New Lebanese president ‘icing on the cake’ of Hezbollah’s consolidation of power

An Israeli rocket fired at a Hezbollah target during the Second Lebanon War in 2006. Credit: Haim Azulay/Flash90.
An Israeli rocket fired at a Hezbollah target during the Second Lebanon War in 2006. Credit: Haim Azulay/Flash90.

The Lebanese parliament elected Michael Aoun as its president Oct. 31, ending a two-and-half-year vacuum that threatened to destabilize the highly sectarian country.

Aoun, 81, a retired general from the Lebanese Civil War, is a polarizing figure whose Christian political party, the Free Patriotic Movement, is an ally of the terror group and political party Hezbollah.
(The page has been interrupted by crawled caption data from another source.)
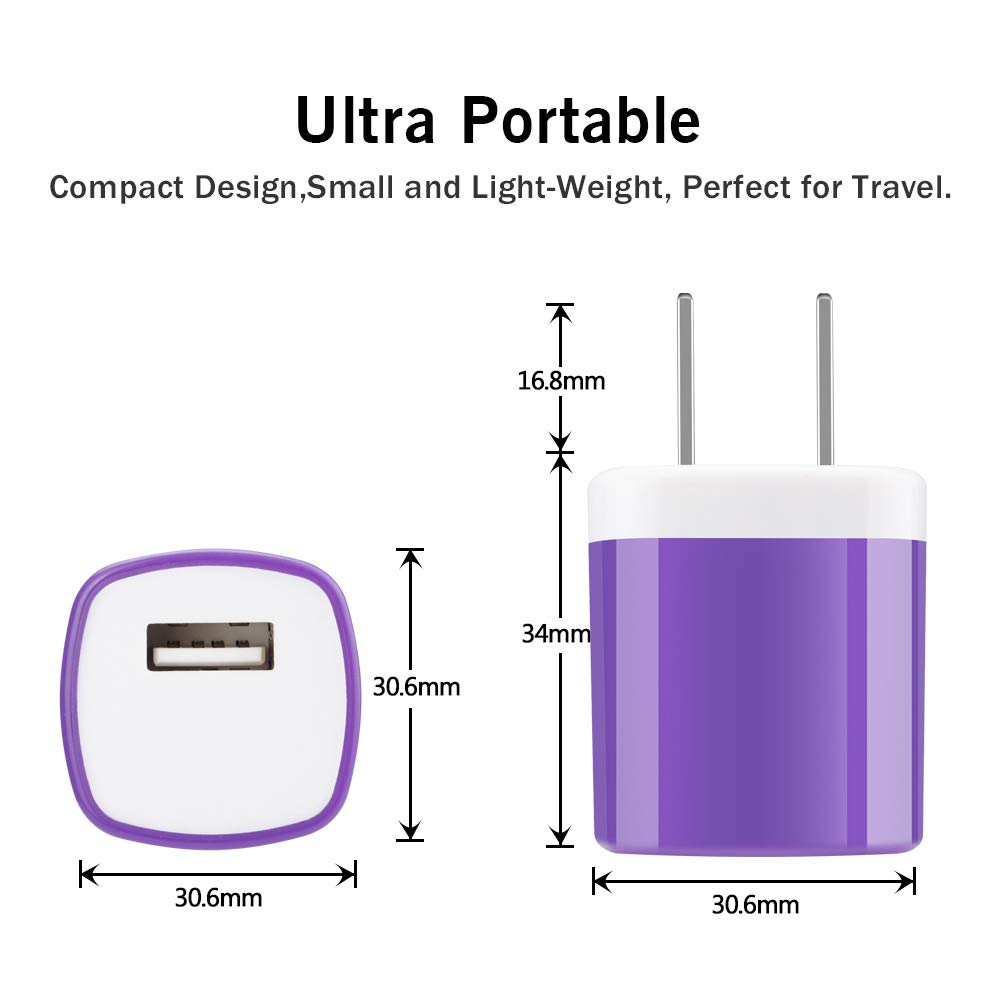 Usb Charger Plug,Fast Charging Block,1A Usb Cube 10Pack Wall Outlet Adapter Compatible Iphone 14/13 Pro Max/12/11/X/Se/8, Samsun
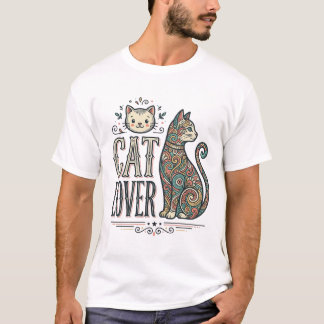 ヴィンテージ・キャットラバー・エングレービング風グラフィックTシャツ_1 Tシャツ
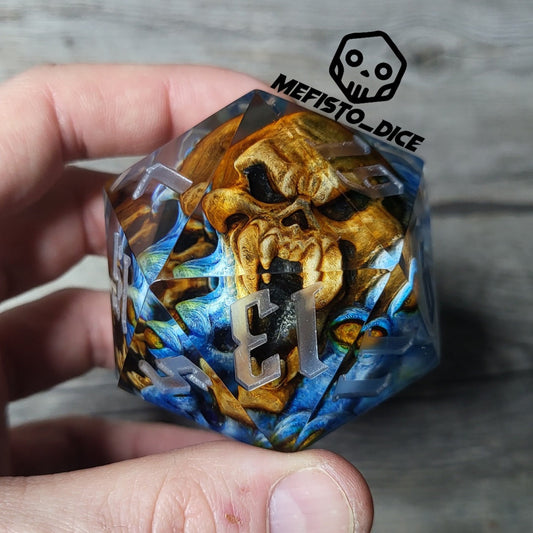 D20 Dice in 66mm jumbo size with skull inside for role playing games for Dungeons and Dragons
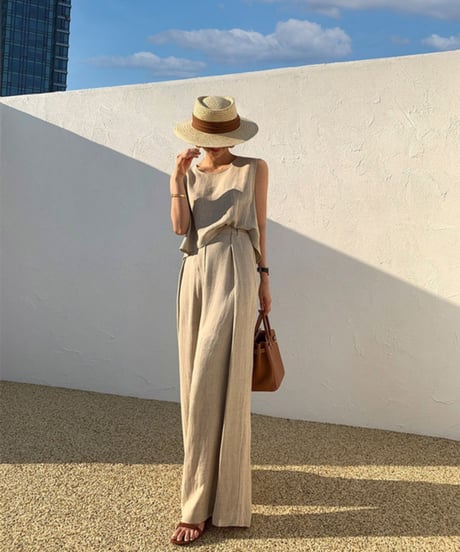 sleeveless tops&wide pants setup　　IR1377
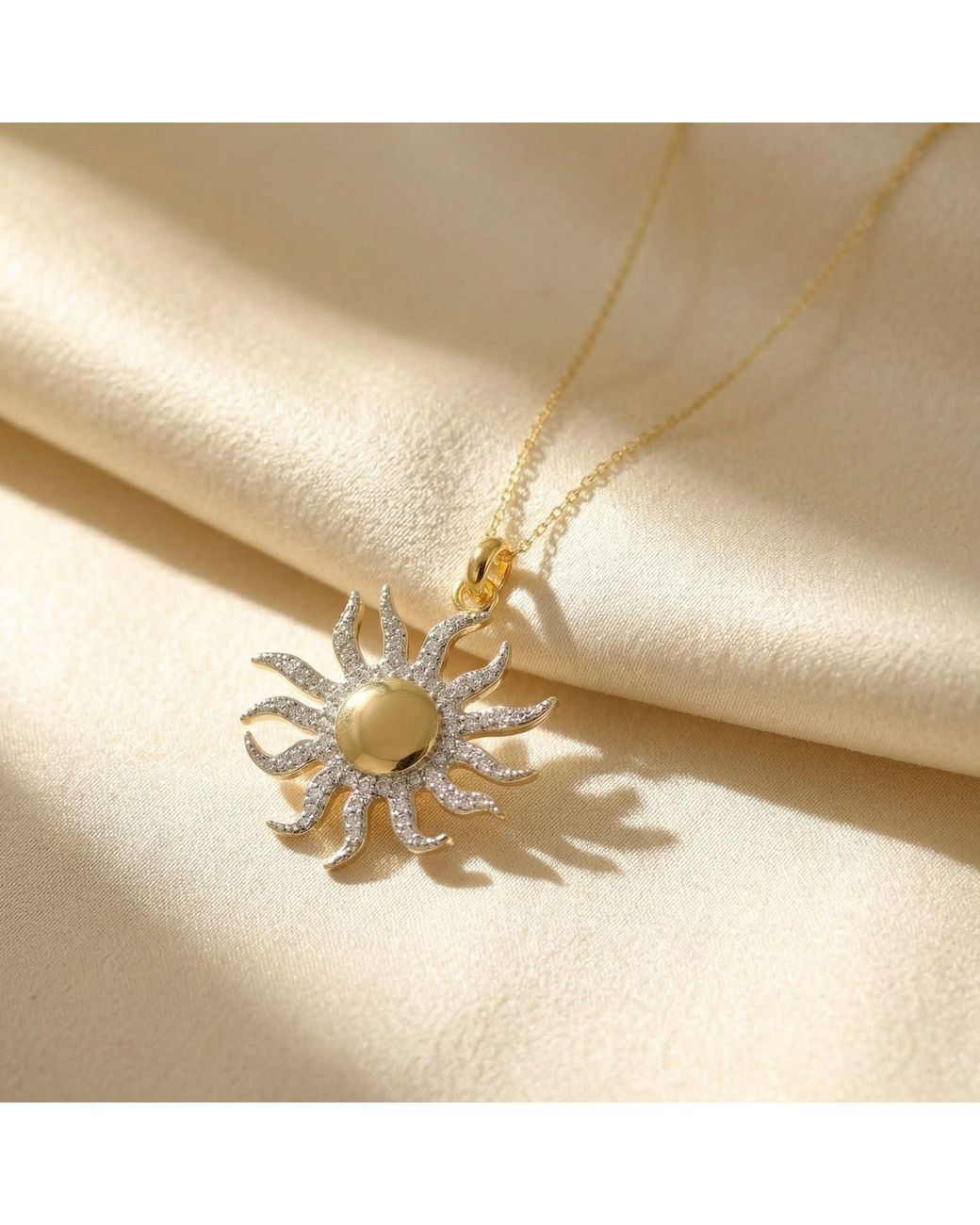 Sophelia Metallic Plated Distant Sun Pendant Charm Necklace
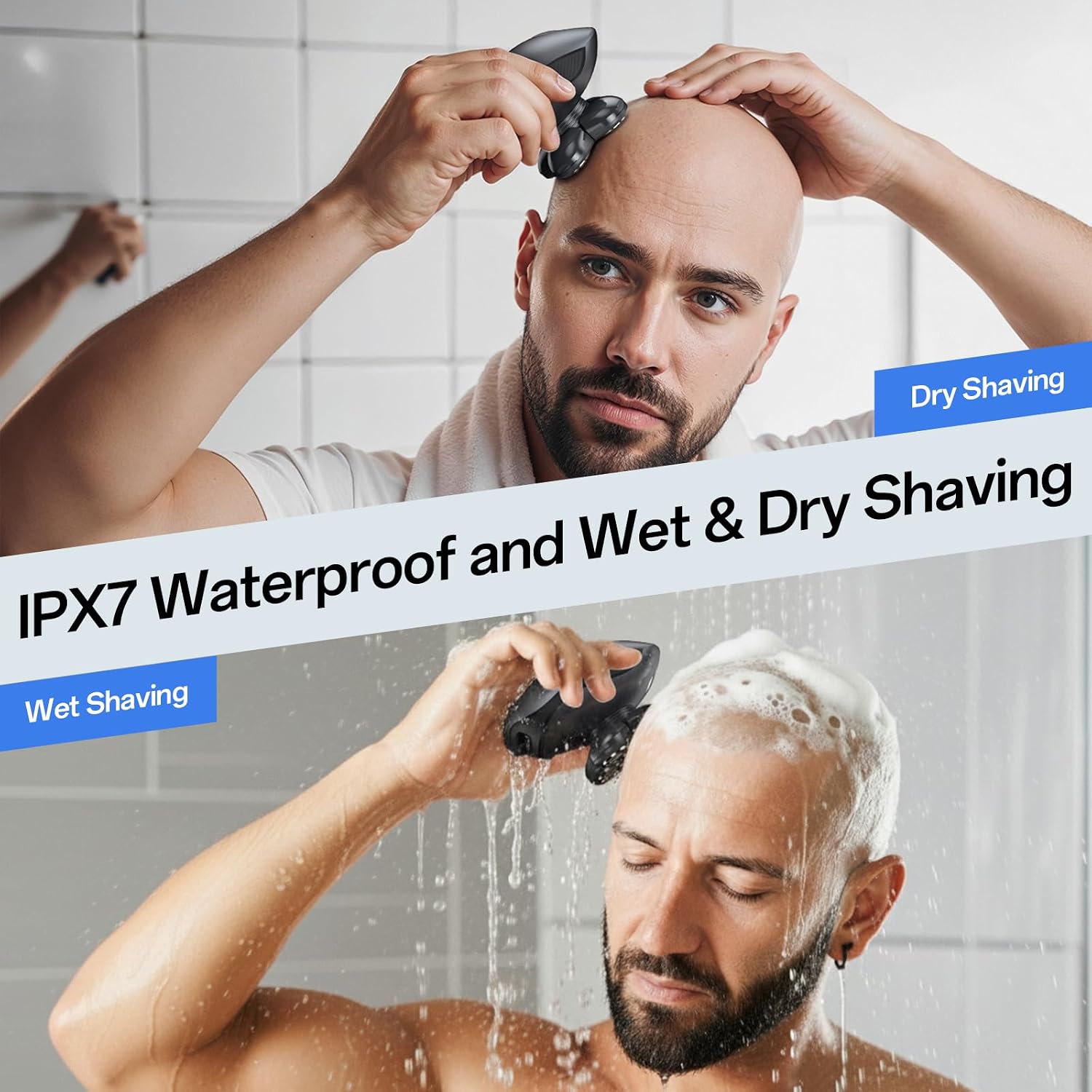 Detalle 2 de Electric Razor for Men: 5-in-1 5D Floating Head Shaver Set (Golden)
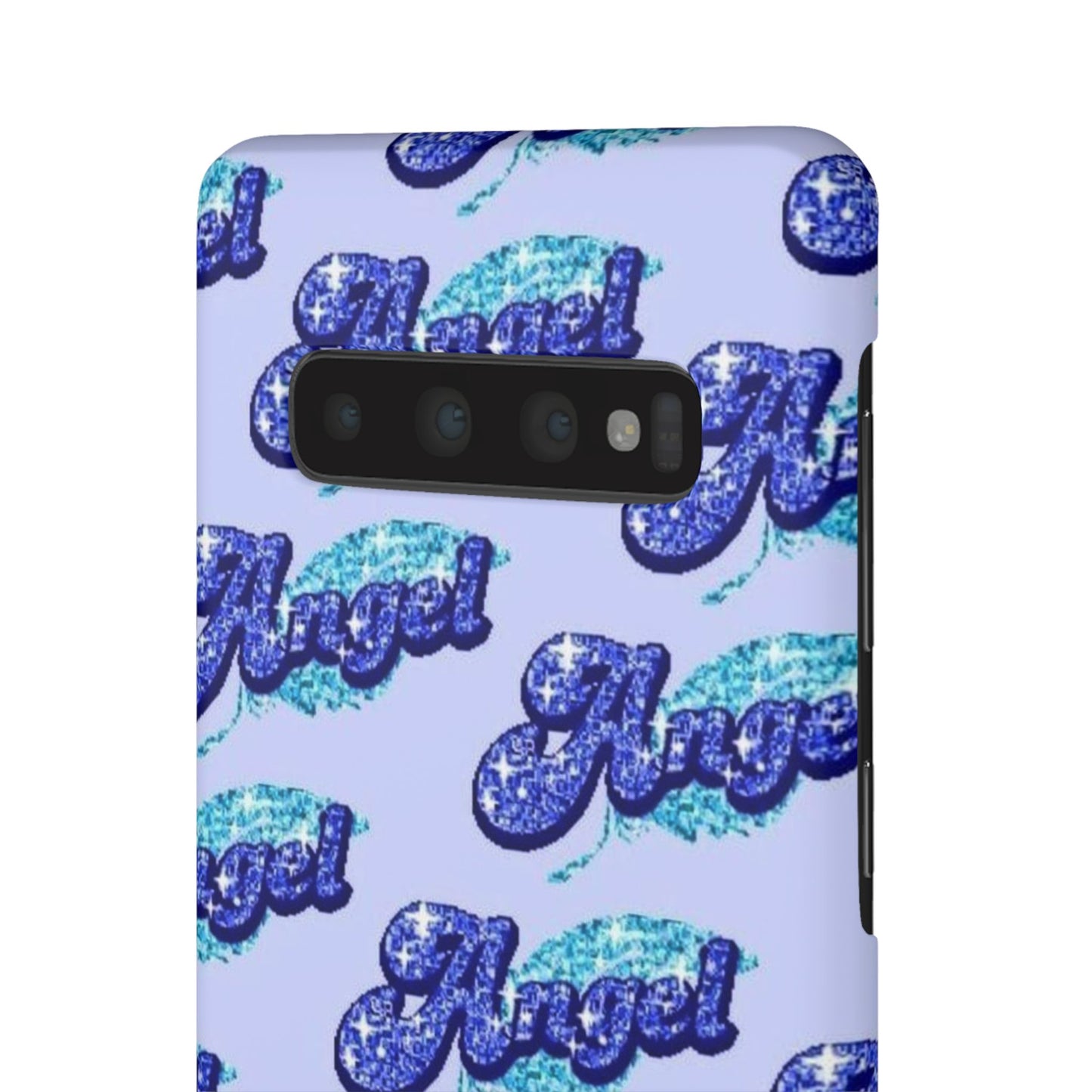 blue 'ANGEL' bubble lettering phone case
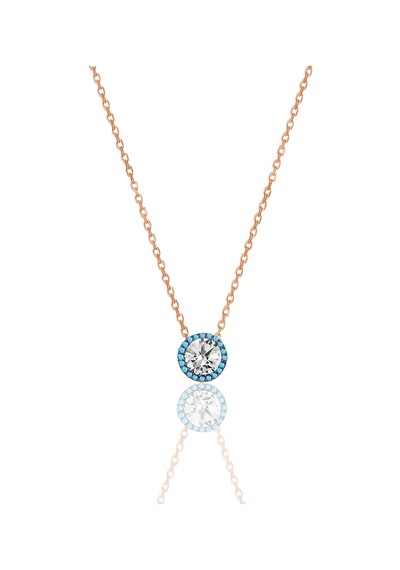 Gümüş Rose Nano Turkuaz Ve Zirkon Taşlı Pırlanta Montür Kolye Barcode Gümüş - Rose Gold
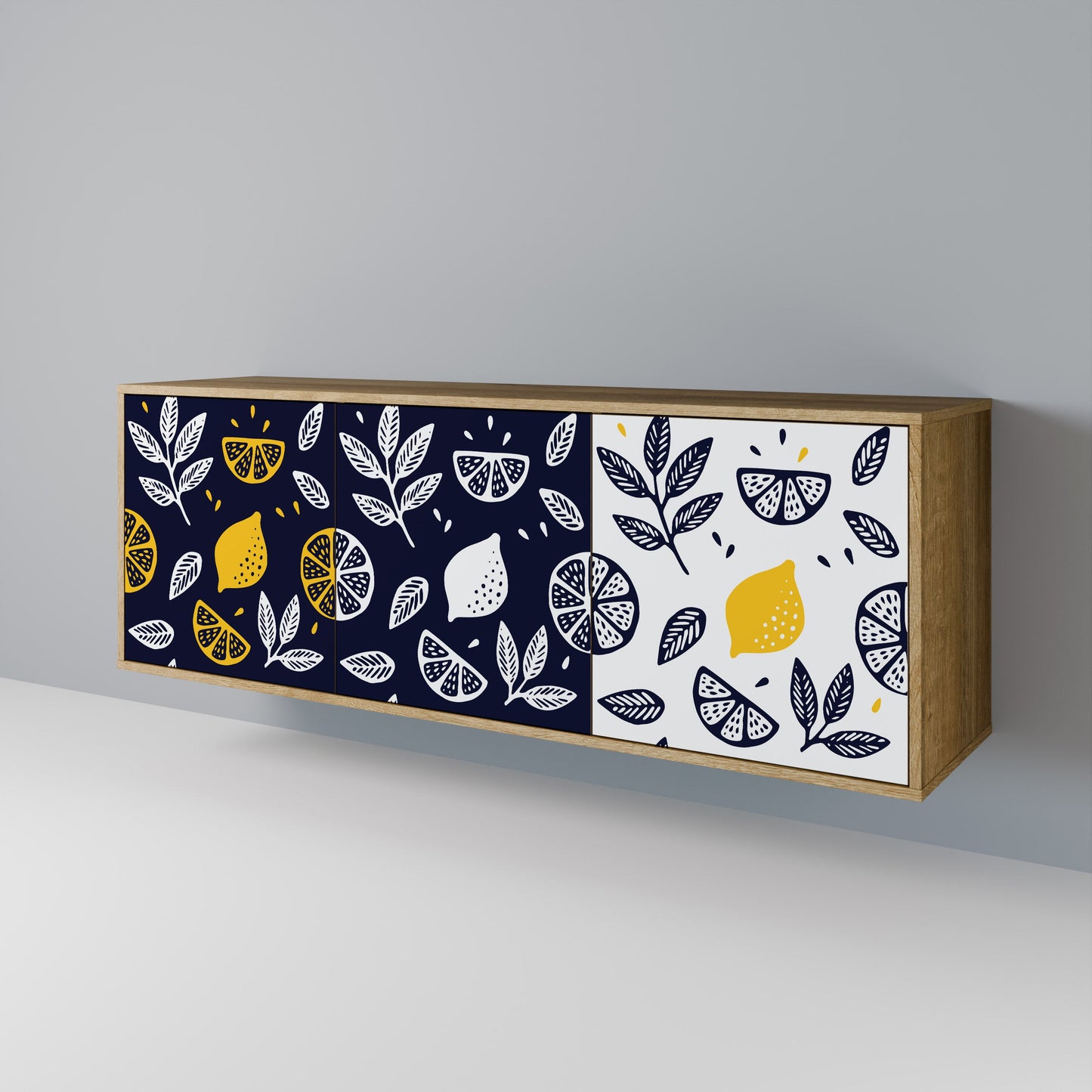 Credenza a 3 ante CITRUS BLACK AND WHITE in effetto rovere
After taking the oath, Aoun said in a speech he will prioritize political stability for the country.

“I came at a hard time, and there is a lot of hope that I will overcome difficulties. … The Lebanese need their state to protect their rights and obligations and for there to be a president who guarantees safety,” he said.

Aoun also promised to “release what is left of our lands from the Israeli occupation” referring to contested areas along the Lebanese-Israeli border, particularly the Shebaa Farms region.

Aoun’s election was essentially “icing on the cake” of Hezbollah’s “consolidation of the preexisting control and power in Lebanon,” said Tony Badran, a research fellow at the Foundation for Defense of Democracies.

“Hezbollah has already been dominating Lebanon for much of the past decade,” Badran told “It controls the state’s security and administrative structures, and controls the ports of entry. It has dictated the country’s foreign policy, and even the Lebanese Armed Forces and security services have cooperated with Hezbollah and protected its flank while fighting in Syria.”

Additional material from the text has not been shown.